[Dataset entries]
= = =

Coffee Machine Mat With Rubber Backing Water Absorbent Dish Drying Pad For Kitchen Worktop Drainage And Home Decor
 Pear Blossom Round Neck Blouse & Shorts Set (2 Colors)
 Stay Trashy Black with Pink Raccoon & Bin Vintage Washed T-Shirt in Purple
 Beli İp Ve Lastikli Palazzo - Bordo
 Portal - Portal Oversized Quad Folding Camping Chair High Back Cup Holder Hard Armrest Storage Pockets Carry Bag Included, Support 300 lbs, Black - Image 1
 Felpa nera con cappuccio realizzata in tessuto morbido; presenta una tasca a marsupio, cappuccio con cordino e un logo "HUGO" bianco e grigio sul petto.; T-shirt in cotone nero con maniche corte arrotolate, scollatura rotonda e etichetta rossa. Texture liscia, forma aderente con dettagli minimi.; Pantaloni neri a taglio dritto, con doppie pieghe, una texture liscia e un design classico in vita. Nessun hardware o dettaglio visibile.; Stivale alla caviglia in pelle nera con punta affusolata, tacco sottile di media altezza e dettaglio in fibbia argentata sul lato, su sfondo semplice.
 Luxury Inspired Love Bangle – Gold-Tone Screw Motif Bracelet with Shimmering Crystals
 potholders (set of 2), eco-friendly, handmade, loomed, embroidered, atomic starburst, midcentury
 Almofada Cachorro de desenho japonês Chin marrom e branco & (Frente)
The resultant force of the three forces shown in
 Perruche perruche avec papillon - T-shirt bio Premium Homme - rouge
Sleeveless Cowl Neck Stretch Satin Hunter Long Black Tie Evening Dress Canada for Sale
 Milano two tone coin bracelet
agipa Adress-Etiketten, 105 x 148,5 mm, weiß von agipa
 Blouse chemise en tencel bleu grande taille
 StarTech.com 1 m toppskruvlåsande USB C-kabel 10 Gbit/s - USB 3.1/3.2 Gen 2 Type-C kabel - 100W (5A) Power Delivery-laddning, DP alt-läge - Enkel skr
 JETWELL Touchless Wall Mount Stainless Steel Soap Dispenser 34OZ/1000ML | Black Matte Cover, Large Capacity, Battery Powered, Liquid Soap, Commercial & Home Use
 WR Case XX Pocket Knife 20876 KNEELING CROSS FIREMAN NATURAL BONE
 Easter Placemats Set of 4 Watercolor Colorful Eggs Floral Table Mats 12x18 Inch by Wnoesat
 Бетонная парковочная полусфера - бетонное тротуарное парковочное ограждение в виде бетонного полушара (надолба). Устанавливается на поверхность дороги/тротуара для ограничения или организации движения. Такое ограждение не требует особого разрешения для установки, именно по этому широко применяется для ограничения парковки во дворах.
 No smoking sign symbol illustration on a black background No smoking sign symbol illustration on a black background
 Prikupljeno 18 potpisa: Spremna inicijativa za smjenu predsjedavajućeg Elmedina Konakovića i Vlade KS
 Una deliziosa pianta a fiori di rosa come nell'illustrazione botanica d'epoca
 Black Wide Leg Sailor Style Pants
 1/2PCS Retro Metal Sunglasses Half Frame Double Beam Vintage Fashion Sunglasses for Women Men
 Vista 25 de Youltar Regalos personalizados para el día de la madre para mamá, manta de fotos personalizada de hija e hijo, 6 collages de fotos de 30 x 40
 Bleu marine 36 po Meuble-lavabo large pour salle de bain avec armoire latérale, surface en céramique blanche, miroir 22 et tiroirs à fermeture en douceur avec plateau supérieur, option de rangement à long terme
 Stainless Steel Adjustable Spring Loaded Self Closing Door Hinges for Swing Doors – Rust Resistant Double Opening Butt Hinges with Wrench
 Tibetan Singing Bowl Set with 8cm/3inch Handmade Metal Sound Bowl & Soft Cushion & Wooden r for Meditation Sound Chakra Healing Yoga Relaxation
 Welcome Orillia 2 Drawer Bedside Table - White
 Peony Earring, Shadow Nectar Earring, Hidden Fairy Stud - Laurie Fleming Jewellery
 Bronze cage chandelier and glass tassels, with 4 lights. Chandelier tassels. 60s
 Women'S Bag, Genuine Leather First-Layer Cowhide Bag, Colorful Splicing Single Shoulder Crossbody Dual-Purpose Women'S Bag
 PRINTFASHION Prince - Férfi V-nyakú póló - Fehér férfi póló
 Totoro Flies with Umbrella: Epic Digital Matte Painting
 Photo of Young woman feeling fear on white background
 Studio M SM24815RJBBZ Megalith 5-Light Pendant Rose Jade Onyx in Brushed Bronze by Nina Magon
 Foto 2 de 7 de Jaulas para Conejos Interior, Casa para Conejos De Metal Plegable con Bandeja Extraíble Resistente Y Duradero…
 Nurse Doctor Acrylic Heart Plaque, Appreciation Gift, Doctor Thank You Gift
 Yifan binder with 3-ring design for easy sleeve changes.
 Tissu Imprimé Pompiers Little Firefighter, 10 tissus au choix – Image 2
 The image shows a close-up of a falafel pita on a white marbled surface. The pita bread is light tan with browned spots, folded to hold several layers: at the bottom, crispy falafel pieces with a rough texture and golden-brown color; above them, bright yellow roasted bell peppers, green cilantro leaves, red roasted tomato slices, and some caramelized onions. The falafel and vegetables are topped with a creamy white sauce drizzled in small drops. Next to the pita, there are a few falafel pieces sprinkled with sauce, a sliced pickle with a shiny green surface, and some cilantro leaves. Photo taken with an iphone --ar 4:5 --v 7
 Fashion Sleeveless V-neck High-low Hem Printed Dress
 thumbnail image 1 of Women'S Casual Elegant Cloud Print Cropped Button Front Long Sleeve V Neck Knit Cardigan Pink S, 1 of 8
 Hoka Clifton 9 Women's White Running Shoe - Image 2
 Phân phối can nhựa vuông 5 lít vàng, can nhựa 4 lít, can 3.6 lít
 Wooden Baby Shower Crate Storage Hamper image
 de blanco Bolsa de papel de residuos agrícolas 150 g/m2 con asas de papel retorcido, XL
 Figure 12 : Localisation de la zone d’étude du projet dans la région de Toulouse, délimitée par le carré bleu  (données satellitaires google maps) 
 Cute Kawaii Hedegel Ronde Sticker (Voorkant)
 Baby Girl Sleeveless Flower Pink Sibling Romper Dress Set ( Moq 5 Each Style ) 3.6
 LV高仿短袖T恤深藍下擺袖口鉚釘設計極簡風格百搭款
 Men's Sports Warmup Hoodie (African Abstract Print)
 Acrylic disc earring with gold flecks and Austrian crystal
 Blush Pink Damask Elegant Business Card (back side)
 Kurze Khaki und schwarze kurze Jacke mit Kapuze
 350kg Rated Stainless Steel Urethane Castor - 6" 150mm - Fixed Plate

= = =

-- The task --
The whole block of entries above should be repeated exactly.

-- Exercise answer --
Coffee Machine Mat With Rubber Backing Water Absorbent Dish Drying Pad For Kitchen Worktop Drainage And Home Decor
 Pear Blossom Round Neck Blouse & Shorts Set (2 Colors)
 Stay Trashy Black with Pink Raccoon & Bin Vintage Washed T-Shirt in Purple
 Beli İp Ve Lastikli Palazzo - Bordo
 Portal - Portal Oversized Quad Folding Camping Chair High Back Cup Holder Hard Armrest Storage Pockets Carry Bag Included, Support 300 lbs, Black - Image 1
 Felpa nera con cappuccio realizzata in tessuto morbido; presenta una tasca a marsupio, cappuccio con cordino e un logo "HUGO" bianco e grigio sul petto.; T-shirt in cotone nero con maniche corte arrotolate, scollatura rotonda e etichetta rossa. Texture liscia, forma aderente con dettagli minimi.; Pantaloni neri a taglio dritto, con doppie pieghe, una texture liscia e un design classico in vita. Nessun hardware o dettaglio visibile.; Stivale alla caviglia in pelle nera con punta affusolata, tacco sottile di media altezza e dettaglio in fibbia argentata sul lato, su sfondo semplice.
 Luxury Inspired Love Bangle – Gold-Tone Screw Motif Bracelet with Shimmering Crystals
 potholders (set of 2), eco-friendly, handmade, loomed, embroidered, atomic starburst, midcentury
 Almofada Cachorro de desenho japonês Chin marrom e branco & (Frente)
The resultant force of the three forces shown in
 Perruche perruche avec papillon - T-shirt bio Premium Homme - rouge
Sleeveless Cowl Neck Stretch Satin Hunter Long Black Tie Evening Dress Canada for Sale
 Milano two tone coin bracelet
agipa Adress-Etiketten, 105 x 148,5 mm, weiß von agipa
 Blouse chemise en tencel bleu grande taille
 StarTech.com 1 m toppskruvlåsande USB C-kabel 10 Gbit/s - USB 3.1/3.2 Gen 2 Type-C kabel - 100W (5A) Power Delivery-laddning, DP alt-läge - Enkel skr
 JETWELL Touchless Wall Mount Stainless Steel Soap Dispenser 34OZ/1000ML | Black Matte Cover, Large Capacity, Battery Powered, Liquid Soap, Commercial & Home Use
 WR Case XX Pocket Knife 20876 KNEELING CROSS FIREMAN NATURAL BONE
 Easter Placemats Set of 4 Watercolor Colorful Eggs Floral Table Mats 12x18 Inch by Wnoesat
 Бетонная парковочная полусфера - бетонное тротуарное парковочное ограждение в виде бетонного полушара (надолба). Устанавливается на поверхность дороги/тротуара для ограничения или организации движения. Такое ограждение не требует особого разрешения для установки, именно по этому широко применяется для ограничения парковки во дворах.
 No smoking sign symbol illustration on a black background No smoking sign symbol illustration on a black background
 Prikupljeno 18 potpisa: Spremna inicijativa za smjenu predsjedavajućeg Elmedina Konakovića i Vlade KS
 Una deliziosa pianta a fiori di rosa come nell'illustrazione botanica d'epoca
 Black Wide Leg Sailor Style Pants
 1/2PCS Retro Metal Sunglasses Half Frame Double Beam Vintage Fashion Sunglasses for Women Men
 Vista 25 de Youltar Regalos personalizados para el día de la madre para mamá, manta de fotos personalizada de hija e hijo, 6 collages de fotos de 30 x 40
 Bleu marine 36 po Meuble-lavabo large pour salle de bain avec armoire latérale, surface en céramique blanche, miroir 22 et tiroirs à fermeture en douceur avec plateau supérieur, option de rangement à long terme
 Stainless Steel Adjustable Spring Loaded Self Closing Door Hinges for Swing Doors – Rust Resistant Double Opening Butt Hinges with Wrench
 Tibetan Singing Bowl Set with 8cm/3inch Handmade Metal Sound Bowl & Soft Cushion & Wooden r for Meditation Sound Chakra Healing Yoga Relaxation
 Welcome Orillia 2 Drawer Bedside Table - White
 Peony Earring, Shadow Nectar Earring, Hidden Fairy Stud - Laurie Fleming Jewellery
 Bronze cage chandelier and glass tassels, with 4 lights. Chandelier tassels. 60s
 Women'S Bag, Genuine Leather First-Layer Cowhide Bag, Colorful Splicing Single Shoulder Crossbody Dual-Purpose Women'S Bag
 PRINTFASHION Prince - Férfi V-nyakú póló - Fehér férfi póló
 Totoro Flies with Umbrella: Epic Digital Matte Painting
 Photo of Young woman feeling fear on white background
 Studio M SM24815RJBBZ Megalith 5-Light Pendant Rose Jade Onyx in Brushed Bronze by Nina Magon
 Foto 2 de 7 de Jaulas para Conejos Interior, Casa para Conejos De Metal Plegable con Bandeja Extraíble Resistente Y Duradero…
 Nurse Doctor Acrylic Heart Plaque, Appreciation Gift, Doctor Thank You Gift
 Yifan binder with 3-ring design for easy sleeve changes.
 Tissu Imprimé Pompiers Little Firefighter, 10 tissus au choix – Image 2
 The image shows a close-up of a falafel pita on a white marbled surface. The pita bread is light tan with browned spots, folded to hold several layers: at the bottom, crispy falafel pieces with a rough texture and golden-brown color; above them, bright yellow roasted bell peppers, green cilantro leaves, red roasted tomato slices, and some caramelized onions. The falafel and vegetables are topped with a creamy white sauce drizzled in small drops. Next to the pita, there are a few falafel pieces sprinkled with sauce, a sliced pickle with a shiny green surface, and some cilantro leaves. Photo taken with an iphone --ar 4:5 --v 7
 Fashion Sleeveless V-neck High-low Hem Printed Dress
 thumbnail image 1 of Women'S Casual Elegant Cloud Print Cropped Button Front Long Sleeve V Neck Knit Cardigan Pink S, 1 of 8
 Hoka Clifton 9 Women's White Running Shoe - Image 2
 Phân phối can nhựa vuông 5 lít vàng, can nhựa 4 lít, can 3.6 lít
 Wooden Baby Shower Crate Storage Hamper image
 de blanco Bolsa de papel de residuos agrícolas 150 g/m2 con asas de papel retorcido, XL
 Figure 12 : Localisation de la zone d’étude du projet dans la région de Toulouse, délimitée par le carré bleu  (données satellitaires google maps) 
 Cute Kawaii Hedegel Ronde Sticker (Voorkant)
 Baby Girl Sleeveless Flower Pink Sibling Romper Dress Set ( Moq 5 Each Style ) 3.6
 LV高仿短袖T恤深藍下擺袖口鉚釘設計極簡風格百搭款
 Men's Sports Warmup Hoodie (African Abstract Print)
 Acrylic disc earring with gold flecks and Austrian crystal
 Blush Pink Damask Elegant Business Card (back side)
 Kurze Khaki und schwarze kurze Jacke mit Kapuze
 350kg Rated Stainless Steel Urethane Castor - 6" 150mm - Fixed Plate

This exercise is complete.